# WTS: PT24/7 Magazines 40SW and 9mm NIB



## casinoeye702 (Sep 17, 2008)

I am trying to sell some Taurus magazine here. Is this the right place to post or there is a specific market place where I can post the item information. I Emailed moderator few days back and have not heard anything. THX.

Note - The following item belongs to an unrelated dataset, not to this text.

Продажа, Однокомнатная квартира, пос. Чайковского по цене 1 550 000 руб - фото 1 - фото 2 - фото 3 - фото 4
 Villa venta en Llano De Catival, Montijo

For Sale are some NIB Taurus Magazines. 

THREE Taurus PT24/7 13 Round 9mm magazine. $75
two Taurus PT24/7C 11 Round 40S&W magazine. $40
two Taurus PT24/7 15 Round 40S&W magazine. $45

I am located in Las Vegas. Nevada. I will be able to ship priority with additional $8.


----------



## VAMarine (Dec 25, 2008)

And the forum is broke. Editing thread.

Sent from my SM-G955U using Tapatalk


----------



## VAMarine (Dec 25, 2008)

casinoeye702 said:


> I am trying to sell some Taurus magazine here. Is this the right place to post or there is a specific market place where I can post the item information. I Emailed moderator few days back and have not heard anything. THX.


Please post quantity and price and I'll merge into a proper WTS ad.

Sent from my SM-G955U using Tapatalk


----------



## casinoeye702 (Sep 17, 2008)

Any suggestions from the members here. That will be great.

THX.


----------



## casinoeye702 (Sep 17, 2008)

9mm and 15 Rd 40 SW are sold. 
I still have 11 rd 40 SW available.


----------



## casinoeye702 (Sep 17, 2008)

All Gone. THX


----------